Returning for her third solo exhibition at V1 Gallery in Copenhagen, Alicia McCarthy is currently showing her latest body of abstract, intertwined paintings and urban-rustic explorations of the nature of community.
The Oakland-based artist’s work lies at the intersection of numerous subcultures including graffiti, skateboarding, folk art, social activism and punk. The latter’s ethos of ‘unity’, encompassing both meanings of the word, is particularly apparent; within the paintings, the threads are each rendered in different colors, underscoring their singular individualism, but they all share similar physical characteristics, which is suggestive of a collective coexistence and sense of solidarity. There is a strong social connotation to her large scale weave paintings which act as a vehicle to probe and explore the nature of community. The points where the kaleidoscope of colours intersect are crucially important and reflect the meetings, collaborations and conflicts of everyday life where one person meets another.

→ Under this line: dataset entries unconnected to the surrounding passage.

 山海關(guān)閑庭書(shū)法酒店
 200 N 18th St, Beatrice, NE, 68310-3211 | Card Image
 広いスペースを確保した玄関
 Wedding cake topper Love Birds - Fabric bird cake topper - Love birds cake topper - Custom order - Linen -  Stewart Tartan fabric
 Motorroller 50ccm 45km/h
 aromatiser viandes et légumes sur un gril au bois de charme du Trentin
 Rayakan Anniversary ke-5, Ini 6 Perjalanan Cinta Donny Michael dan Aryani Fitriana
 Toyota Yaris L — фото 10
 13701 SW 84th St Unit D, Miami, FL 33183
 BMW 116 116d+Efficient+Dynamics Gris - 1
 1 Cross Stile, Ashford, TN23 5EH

Her colors, like individuals, influence and change one another and together combine to form something greater than themselves.
Wooden panels, cardboard and latex paint used in the show have been scavenged from dumpsters and roadsides. At times, as with the double-helix on red and yellow, the response to these recycled materials is unpolished and reductive, suggesting a particularly acidic response to the rampant consumerist culture that rejected those materials in the first place. While at other times the works appear as prismatic and almost euphoric rays of coloured light which seem to celebrate their past and the urban landscape in which they were found.
The exhibition continues at V1 Gallery, Flæsketorvet 69, 1711 Copenhagen, Denmark until 28th May 2021.